Lucie Duff Gordon
To Mrs. Austin. GRAND CAIRO, Tuesday, November 11, 1862.
Dearest Mutter,
I write to you out of the real Arabian Nights. Well may the Prophet (whose name be
exalted) smile when he looks on Cairo. It is a
golden existence, all sunshine and poetry, and, I must add,
kindness and civility. I came up last Restorer of Hearts.
She is wonderfully like Rachel, and her singing is hinreisend from
expression and passion. Mr. Wilkinson (the
Consul) is a Levantine, and his wife Armenian, so they had a grand fantasia; people
feasted all over the house and in the street. Arab music schmetterte, women yelled the zaghareet,
black servants served sweetmeats, pipes, and coffee, and behaved as if they belonged to
the company, and I was strongly under the impression that I was at Nurreddin's wedding
with the Vizier's daughter. Yesterday I went to Heliopolis with Hekekian Bey
and his wife, and visited an Armenian country lady close by.
My servant Omar turns out a jewel. He has deterre an excellent boat for the Nile voyage, and I am to be mistress of a captain, a mate, eight men and a cabin boy for 25 pounds a month. I went to Boulak, the port of Cairo, and saw various boats, and admired the way in which the English travellers pay for their insolence and caprices. Similar boats cost people with dragomans 50 to 65 pounds. But, then, 'I shall lick the fellows,' etc., is what I hear all round. The dragoman, I conclude, pockets the difference. The owner of the boat, Sid Achmet el-Berberi, asked 30 pounds, whereupon I touched my breast, mouth and eyes, and stated through Omar that I was not, like other Ingeleez, made of money, but would give 20 pounds. He then showed another boat at 20 pounds, very much worse, and I departed (with fresh civilities) and looked at others, and saw two more for 20 pounds; but neither was clean, and neither had a little boat for landing. Meanwhile Sid Achmet came after me and explained that, if I was not like other Ingeleez in money, I likewise differed in politeness, and had refrained from abuse, etc., etc., and I should have the boat for 25 pounds. It was so very excellent in all fittings, and so much larger, that I thought it would make a great difference in health, so I said if he would go before the American Vice-Consul (who is looked on as a sharp hand) and would promise all he said to me before him, it should be well.
Mr.
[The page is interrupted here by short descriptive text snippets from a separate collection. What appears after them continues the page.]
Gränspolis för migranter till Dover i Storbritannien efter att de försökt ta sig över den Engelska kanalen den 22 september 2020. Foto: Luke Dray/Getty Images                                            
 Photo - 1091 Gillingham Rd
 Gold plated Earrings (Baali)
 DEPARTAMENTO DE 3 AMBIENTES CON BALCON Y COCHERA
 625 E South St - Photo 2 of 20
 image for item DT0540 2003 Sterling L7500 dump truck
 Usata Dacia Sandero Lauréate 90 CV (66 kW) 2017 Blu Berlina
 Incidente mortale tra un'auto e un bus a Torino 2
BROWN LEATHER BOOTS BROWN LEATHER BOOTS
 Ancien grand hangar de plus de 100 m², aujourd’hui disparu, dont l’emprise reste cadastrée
Thayer, the American Consul-General, gives
me letters to every consular agent depending on him; and two Coptic merchants whom I met
at the fantasia have already begged me to honour their houses.
I rather think the
poor agents, who are all Armenians and Copts, will think I am the republic in person.
The weather has been all this time like a splendid English August, and I hope I shall
get rid of my cough in time, but it has been very bad. There is no cold at night here as
at the Cape, but it is nothing like so clear and bright.
Omar took Sally sightseeing all day while I was away, into several mosques; in one he
begged her to wait a minute while he said a prayer. They compare notes about their
respective countries and are great friends; but he is put out at my not having provided
her with a husband long ago, as is one's duty towards a female servant,
which
almost always here means a slave.
Of all the falsehoods I have heard about the East, that about women being old hags at
thirty is the biggest. Among the poor fellah women it may be true enough, but not nearly
as much as in Germany; and I have now seen a considerable number of Levantine ladies
looking very handsome, or at least comely, till fifty. Sakna, the Arab Grisi, is fifty-five--an ugly face, I am told (she was veiled
and one only saw the eyes and glimpses of her mouth when she drank water), but the
figure of a leopard, all grace and beauty, and a splendid voice of its kind, harsh but
thrilling like Malibran's. I guessed her
about thirty, or perhaps thirty-five. When she improvised, the finesse and grace of her
whole Wesen were ravishing. I was on the point of
shouting out Wallah!
as heartily as the natives. The eight younger Halmeh (i.e., learned women, which the English call Almeh and
think is an improper word) were ugly and screeched. Sakna was treated with great consideration and quite as a friend by the
Armenian ladies with whom she talked between her songs. She is a Muslimeh and very rich
and charitable; she gets 50 pounds for a night's singing at least.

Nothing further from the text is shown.